Full disclosure, I haven’t completed the My Small World QAL. Yet. SDMQG chose this quilt (pattern now available as printed booklet from Jen Kingwell) as their yearlong quilt along project for 2016. I only joined the guild in June 2015, and so wasn’t able to join their QAL from last year and I was so psyched to join everything guild had to offer this year, I’m doing this, I’m doing the Bee, I’m doing every swap they can come up with.
So Sue B. took charge of leading our group in this QAL, even giving us a schedule for what blocks we should complete each month, and making templates for us all to use. I was worried because I missed January’s meeting and so already was a month late on the schedule, which can really mess with my mind on a thing like this. January was the month I was supposed to be completing like 25 pinwheels and a bunch of tiny churn dashes, etc. I figured I’d never catch up and so I didn’t try.
Fast forward to April and I had an idea in mind for how I very generally wanted my MSW to turn out. So I made some fabric choices for the pinwheels and figured I’d at least get those done. I got about half completed. It took me a solid day. I figured there was no way I’d keep going, but I still had 8 months to think about it.
At the beginning of June, I attended a weekend long quilt retreat with the Guild and say across from the one member who had already finished (completely by hand) her My Small World. I had brought along my materials and pattern, and although I still didn’t get any further, I renewed my commitment. If Suzanne could complete hers in 6 months, I could too. The second half of the year.
I am much farther along toward my goal after the last 3 days and it is seeming very possible. So I’ll tell you how I did it over a series of posts because I’m excited for more people to create their own versions of this intricate and personal project. Stay tuned.
I finally took a longarm class in order to rent time on a longarm machine at The Quilted Rose, here in San Diego. I would now like to offer up my right kidney to the highest bidder so that I can purchase a longarm machine and use it everyday. The machines at TQR are pretty old and huge, and when I rented time, they actually gave me the clunkiest one. I was not super pleased about that, but it did not deter me from longarm quilting in the slightest. It just made me google my other San Diego county options.
So my pieced quilt began with the central fairies fabric which is an out of print Alexander Henry print that I had no idea what to do with, but loved intensely and purchased from an etsy seller that specializes in out of print goodies. Then after our guild (SDMQG) did a Lizzy House challenge during Lizzy house’s visit, I was inspired by my fellow runner up (yes! I was totally a runner up!) and her Unicornio quilt. It was a large scale log cabin with a variety of colors and featuring a Lizzy house unicorn right smack dab in the center.
So I have been adding rich log cabin walls around these mysterious fairies slowly slowly slowly.
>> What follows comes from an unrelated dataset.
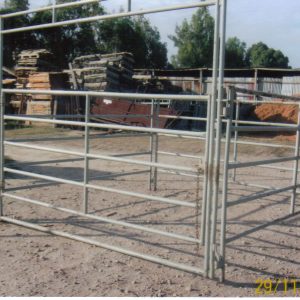 Puerta Alta y Puerta en Panel Lemsco Caño 1½"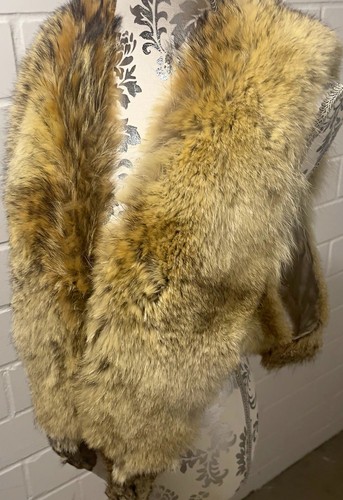 Vintage damen fuchs pelz veste - damen,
If you look closely at the quilting, you’ll see that I basically tried everything I had practiced on paper from An Angela Walters book that I have, Shape by Shape. And it’s very beginner, but again, that machine was a rickety pile, so I am not totally to blame. And the prints are so busy, it doesn’t matter at all. I see it as a longarm sampler for me, and my daughter loves it on her bottom bunk (for when friends come to sleep over, she tells me). It couldn’t possibly go on the top bunk because, speaking of Lizzy House, that spot is reserved for the forthcoming Meadow Quilt (top is already complete!)